Yields: (group_key, items_in_that_group) pairs

The following will group numbers according to their parity (0 for even, 1 for odd), releasing a list of numbers collected when that list reaches length 3:

>>> g = igroupby(items=range(11),
...             key=lambda x: x % 2,
...             group_release_cond=lambda k, v: len(v) == 3)
>>> list(g)
[(0, [0, 2, 4]), (1, [1, 3, 5]), (0, [6, 8, 10]), (1, [7, 9])]

If we specify release_remainding=False though, we won’t get

>>> g = igroupby(items=range(11),
...             key=lambda x: x % 2,
...             group_release_cond=lambda k, v: len(v) == 3,
...             release_remainding=False)
>>> list(g)
[(0, [0, 2, 4]), (1, [1, 3, 5]), (0, [6, 8, 10])]

# >>> grps = partial(igroupby, group_release_cond=False, release_remainding=True)

Below we show that, with the default group_release_cond = lambda k, v: False and release_remainding=True`` we have dict(igroupby(...)) == groupby(...)

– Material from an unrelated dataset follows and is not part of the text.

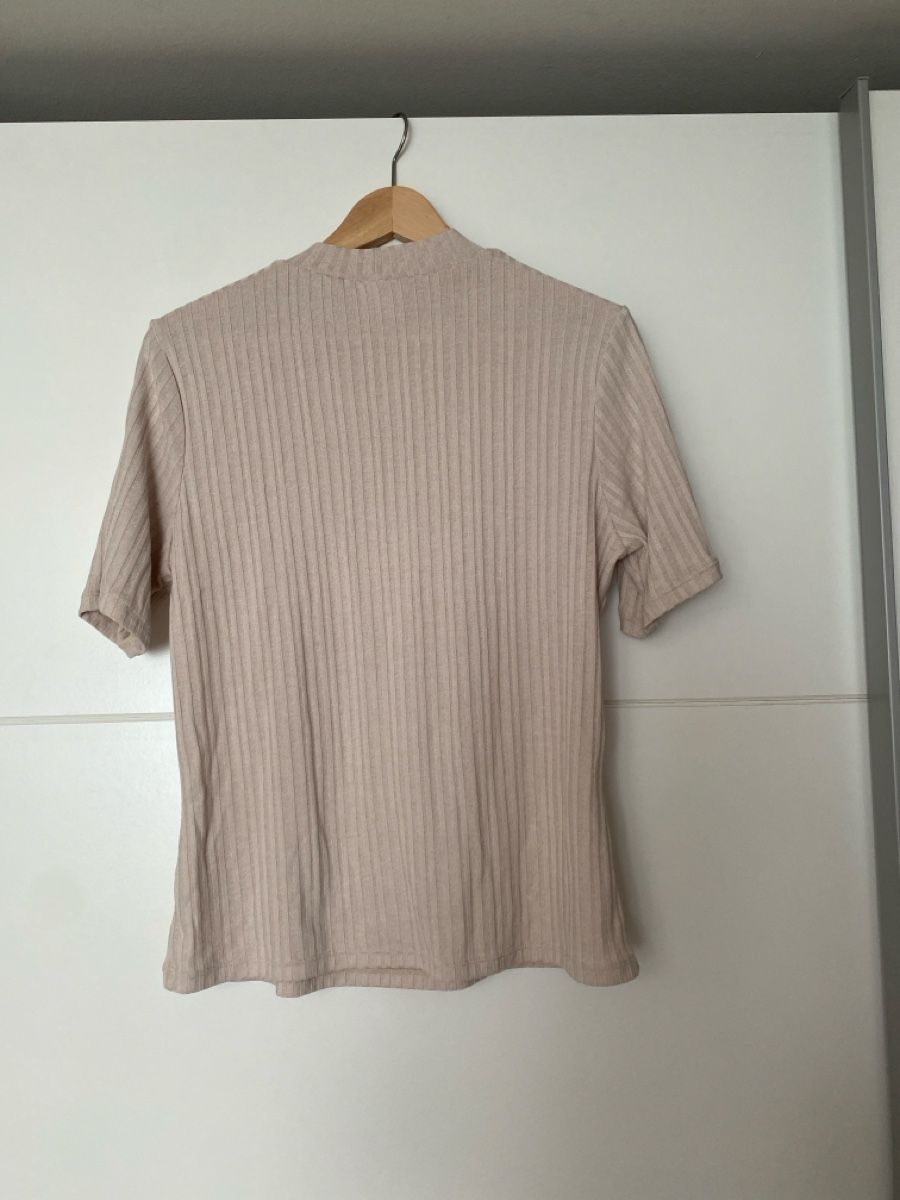 H&M T-Shirts: Damen Rippen Top beige Grösse L – Gebraucht aus Alpnach Dorf von melbb 2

>>> from functools import partial
>>> from dol import groupby
>>>
>>> kws = dict(items=range(11), key=lambda x: x % 3)
>>> assert (dict(igroupby(**kws)) == groupby(**kws)
...         == {0: [0, 3, 6, 9], 1: [1, 4, 7, 10], 2: [2, 5, 8]})
>>>
>>> tokens = ['the', 'fox', 'is', 'in', 'a', 'box']
>>> kws = dict(items=tokens, key=len)
>>> assert (dict(igroupby(**kws)) == groupby(**kws)
...         == {3: ['the', 'fox', 'box'], 2: ['is', 'in'], 1: ['a']})
>>>
>>> key_map = {1: 'one', 2: 'two'}
>>> kws.update(key=lambda x: key_map.get(len(x), 'more'))
>>> assert (dict(igroupby(**kws)) == groupby(**kws)
...         == {'more': ['the', 'fox', 'box'], 'two': ['is', 'in'], 'one': ['a']})
>>>
>>> stopwords = {'the', 'in', 'a', 'on'}
>>> kws.update(key=lambda w: w in stopwords)
>>> assert (dict(igroupby(**kws)) == groupby(**kws)
...         == {True: ['the', 'in', 'a'], False: ['fox', 'is', 'box']})
>>> kws.update(key=lambda w: ['words', 'stopwords'][int(w in stopwords)])
>>> assert (dict(igroupby(**kws)) == groupby(**kws)
...         == {'stopwords': ['the', 'in', 'a'], 'words': ['fox', 'is', 'box']})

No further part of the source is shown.